Upon Tom’s return to Kenya on October 26, 2008, Family Hope Charity will, in concert with ZUMA/PEMA, begin to organize the ZUMA Youth Club using it as a focus for:

 

-- Two new athletic teams, one soccer team for the boys and a volleyball team for the girls.

 

-- Begin to implement a variation of a substance abuse program family intervention program pioneered by Dr.
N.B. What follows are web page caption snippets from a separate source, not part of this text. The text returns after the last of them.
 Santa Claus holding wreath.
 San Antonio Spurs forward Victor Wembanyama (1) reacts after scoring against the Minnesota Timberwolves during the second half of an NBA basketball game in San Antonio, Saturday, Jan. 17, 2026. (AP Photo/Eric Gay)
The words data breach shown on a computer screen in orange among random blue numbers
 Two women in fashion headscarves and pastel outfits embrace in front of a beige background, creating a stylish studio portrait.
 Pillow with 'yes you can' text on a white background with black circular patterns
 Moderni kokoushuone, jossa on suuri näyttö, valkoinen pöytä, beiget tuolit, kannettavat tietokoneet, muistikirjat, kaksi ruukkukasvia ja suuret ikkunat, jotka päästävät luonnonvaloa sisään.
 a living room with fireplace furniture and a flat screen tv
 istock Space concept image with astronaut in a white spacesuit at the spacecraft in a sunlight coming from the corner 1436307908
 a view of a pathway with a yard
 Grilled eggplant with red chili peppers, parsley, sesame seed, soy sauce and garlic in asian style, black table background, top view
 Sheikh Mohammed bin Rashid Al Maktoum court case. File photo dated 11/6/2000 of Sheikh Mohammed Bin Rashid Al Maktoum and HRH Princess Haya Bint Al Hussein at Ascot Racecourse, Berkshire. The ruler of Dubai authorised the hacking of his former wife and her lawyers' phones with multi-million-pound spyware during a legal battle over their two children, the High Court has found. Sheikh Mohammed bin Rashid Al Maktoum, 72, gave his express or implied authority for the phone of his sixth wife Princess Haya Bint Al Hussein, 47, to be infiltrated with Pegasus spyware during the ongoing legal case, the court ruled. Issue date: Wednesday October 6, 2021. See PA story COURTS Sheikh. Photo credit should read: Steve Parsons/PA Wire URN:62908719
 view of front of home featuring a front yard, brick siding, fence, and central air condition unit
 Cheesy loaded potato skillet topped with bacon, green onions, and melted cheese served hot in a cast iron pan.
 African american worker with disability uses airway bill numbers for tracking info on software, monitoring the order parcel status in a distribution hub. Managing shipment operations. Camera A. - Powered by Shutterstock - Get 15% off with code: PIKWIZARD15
Daniel Budenz.

 

-- Start a small group income generating activity initially with 20 of the most vulnerable youth, ages 15-21, from HIV/Aids affected families in Kamande and Kiambiu.

 

-- Begin to establish or further expand contacts with non-governmental charitable organizations already operating in Nairobi as a way of connecting our clients with needed resources and assistance.

 

-- Begin initial planning for the establishment 37&More in Kamande and Kiambiu;  that is a construction, life and entrepreneurial skills training program focusing on current unemployed and uneducated youth from both of these slums.

 

-- Begin to network with local businesses and agencies to set up a stream of local funding for Family Hope Charity and ZUMA projects.

 

Family Hope Charity/ZUMA

want childen like this boy to have a bright future

 

 

Future Plans:

 

ZUMA and Family Hope Charity are going to establish a social center in Kamande that will provide a variety of services to the slum families.  Currently there is not a single aid agency at work in either slum.  ZUMA Center will have a medical clinic, a study area and small library, meeting rooms for courses and seminars assisting the poor in identifying and acquiring the various life skills needed to improve their overall quality of life, office space, and sanitation facilities.  Eventually the center will include a workshop housing tools and materials that will be used by 37& More for its construction training program.  At first we will rent a local building, but eventually we will build our own building using vulnerable youth from our own training program to do the actual contruction.

 

ZUMA and Family Hope Charity are committed to expanding PEMA School into a complete primary school with pre-school to grade eight program.  The targeted school enrollment will eventually be 300 students with 70% of them fee paying scholars and 30% slum children on scholarship.  A key part f this school’s modus operandi will be a curriculum that will thoroughly prepare slum children for entrance into the better secondary schools in Nairobi.  To do that both agencies have already enlisted the advice and counsel of government and university educators in developing a curriculum that promotes sustainable development.  And again the school will be built by HIV/Aids affected and infected, vulnerable youth from our programs.

 

Eventually, based on Tom’s experience in Kabwe, Zambia, Family Hope Charity and ZUMA will transform 37&More into a not-for-profit construction company that trains vulnerable youth from the slums in building construction skills and also generates capital to keep the various Family Hope Charity projects going strong.